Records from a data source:
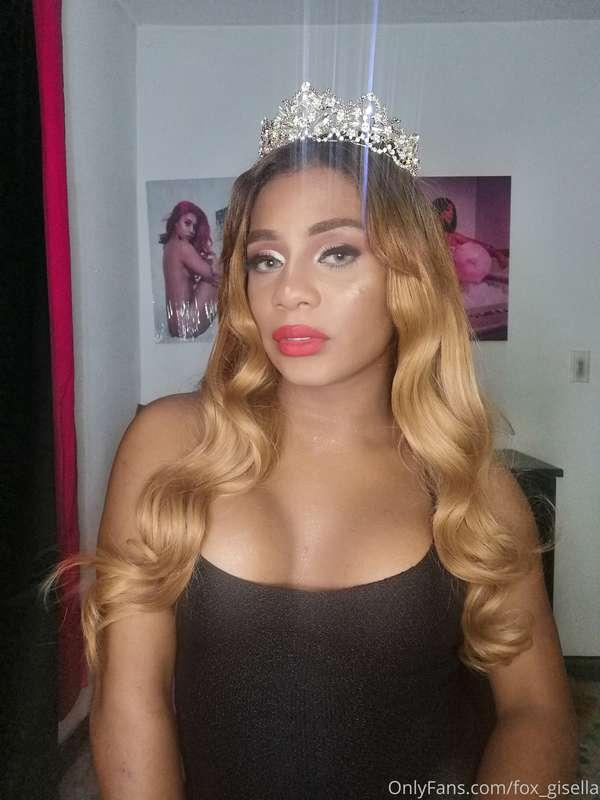 fox_gisella image #9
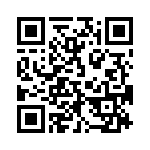 325133-14-0 QRCode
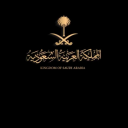 darvk-thoughts avatar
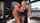 What's the name of this porn actor?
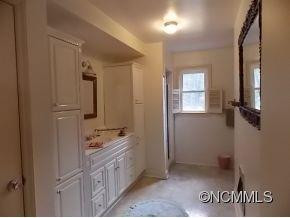 161 Ardmion Road - Photo 19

* WHAT YOU SHOULD DO *
Make a verbatim copy of all the entries and strip out the pictures.

* ANSWER SPACE *
 fox_gisella image #9
 325133-14-0 QRCode
 darvk-thoughts avatar
 What's the name of this porn actor?
 161 Ardmion Road - Photo 19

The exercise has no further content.